Logo Questions Linux Laravel Mysql Ubuntu Git Menu
 

Changing the x-axis of seqlogo figures in MATLAB

I'm making a large number of seqlogos programmatically. They are hundreds of columns wide and so running a seqlogo normally creates letters that are too thin to see. I've noticed that I only care about a few of these columns (not necessarily consecutive columns) ... most are noise but some are highly conserved.

I use something like this snippet:

wide_seqs = cell2mat(arrayfun(@randseq, repmat(200, [500 1]), 'uniformoutput', false));
wide_seqs(:, [17,30, 55,70,130]) = repmat(['ATCGG'], [500 1])

conserve_cell = seqlogo(wide_seqs, 'displaylogo', false);
high_bit_cols = any(conserve_cell{2}>1.0,1);
[~, handle] = seqlogo(wide_seqs(:,high_bit_cols ));

Although when I do this I lose the information about which columns the data came from.
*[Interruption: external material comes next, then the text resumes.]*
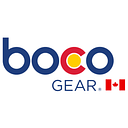 Boco Gear Canada
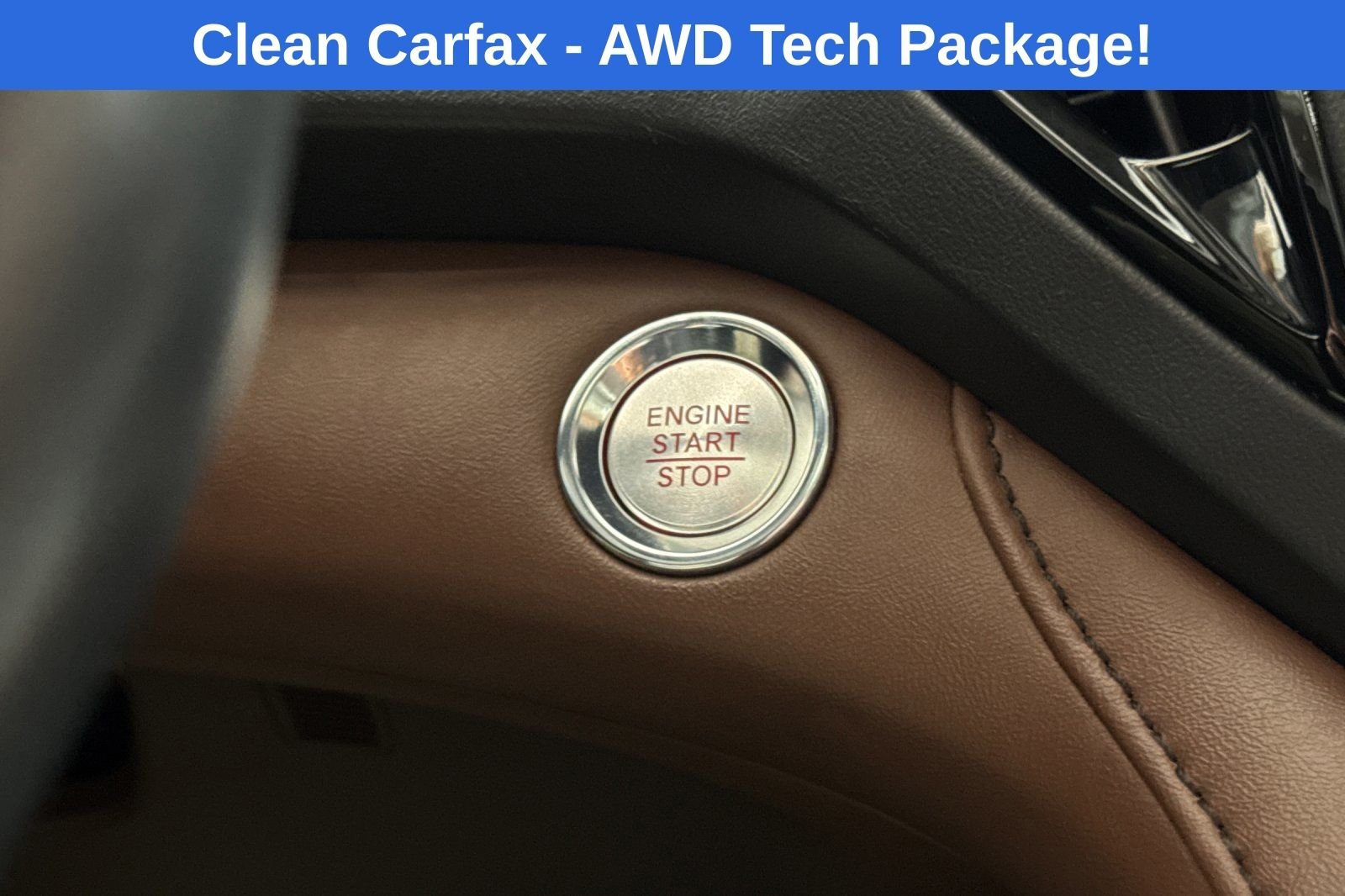 Used 2019 Lunar Silver Metallic Acura Technology Package image 29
Normally I would just change the x-axis of the seqlogo. However, seqlogo's are some sort of crazy java-based object and calls like:

set(handle, 'xticklabel', num2str(find(high_bit_cols)))
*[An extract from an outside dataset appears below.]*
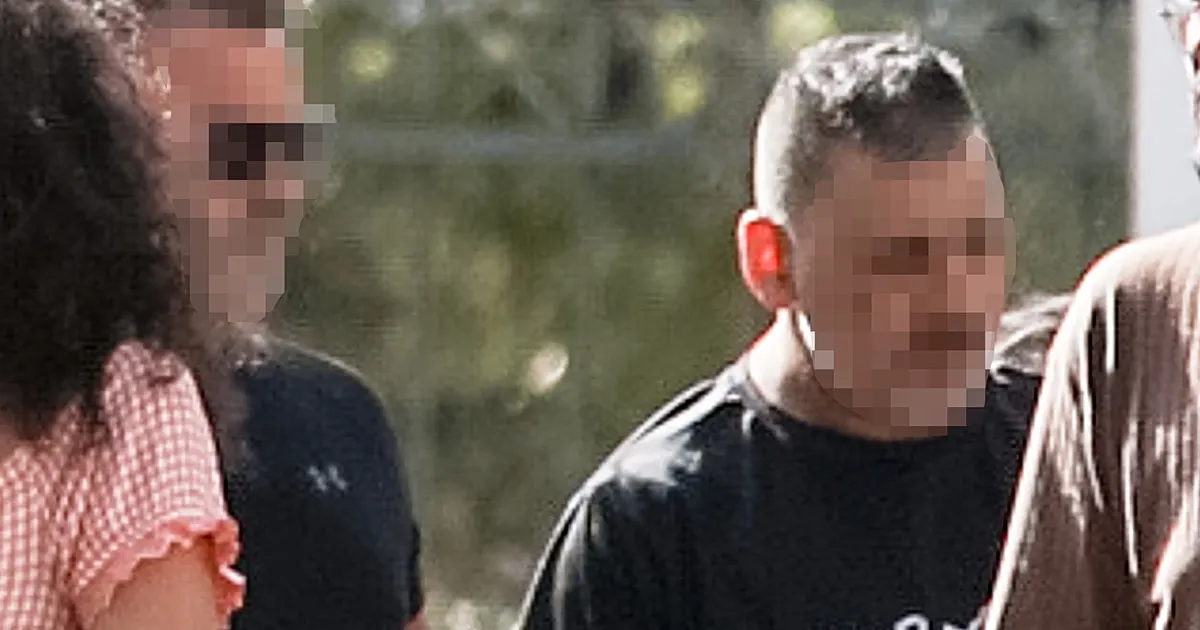 Αστυνομικός αποκλεισμός στην Κυψέλη μετά την ανακάλυψη βρέφους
don't work. Any help would be greatly appreciated.

Thanks, Will

EDIT:

On the bounty I'm willing to accept any kind of crazy method for changing the axis labels include (but not limited to): Using the image-processing toolbox to modify the image after saving, creating a new seqlogo function using textboxes, modifying the java-code (if possible), etc. I'm NOT willing to accept things like "use python", "use this R library" or any other sort of non-Matlab solution.

like image 906
JudoWill Avatar asked Mar 26 '10 21:03

JudoWill


2 Answers

OK, I killed a few hours with this problem. It appears that you cannot place any MATLAB object (axes or textbox) on the top of that hgjavacomponent object. And I couldn't modified the java code, of course. So the only feasible solution I found is to create the figure from scratch.
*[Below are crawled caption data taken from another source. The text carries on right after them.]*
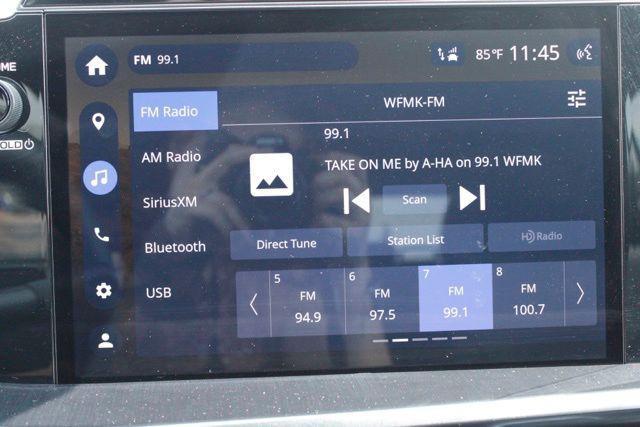 2026 Subaru Outback - $46,074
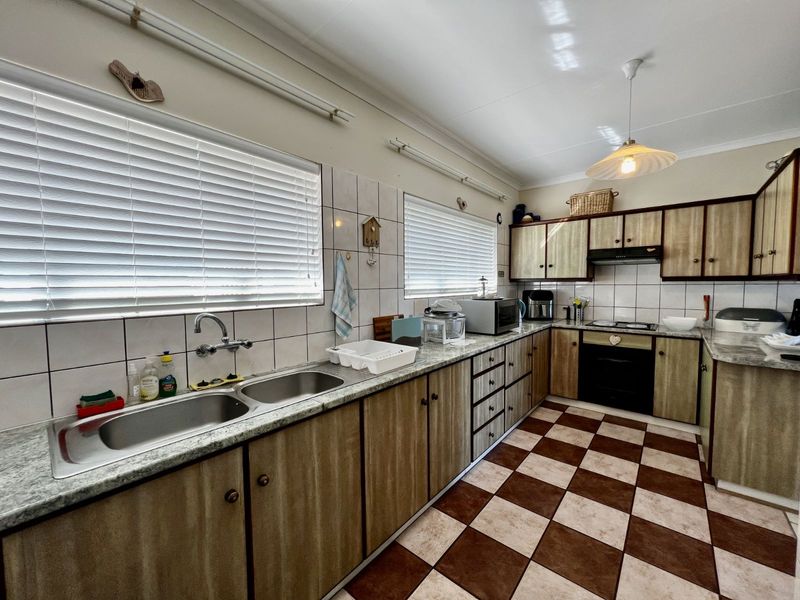 House For Sale in Tergniet - Photo 8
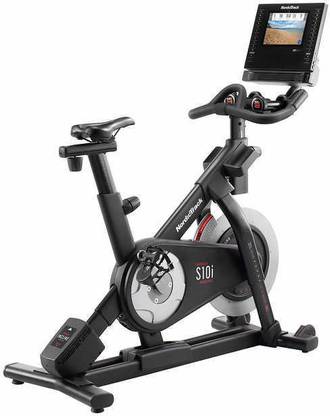 NORDICTRACK Studio S10i Spinner Exercise Bike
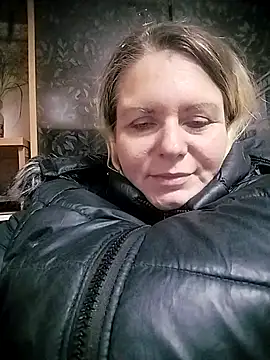 Lana-murr online show from November 2025 07:25:02 PM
I didn't want to rewrite the code to calculate weight matrices (symbols heights), you already did that. But it can be done, if you don't want to use MATLAB's seqlogo at all. So I've changed your last line a little to get the matrix:

[wm, handle] = seqlogo(wide_seqs(:,high_bit_cols ));

The problem with text symbols is that you cannot exactly control their size, cannot fit the symbol to textbox. This is probably why MATLAB decided to go with java graphic object. But we can create symbols images and deal with them.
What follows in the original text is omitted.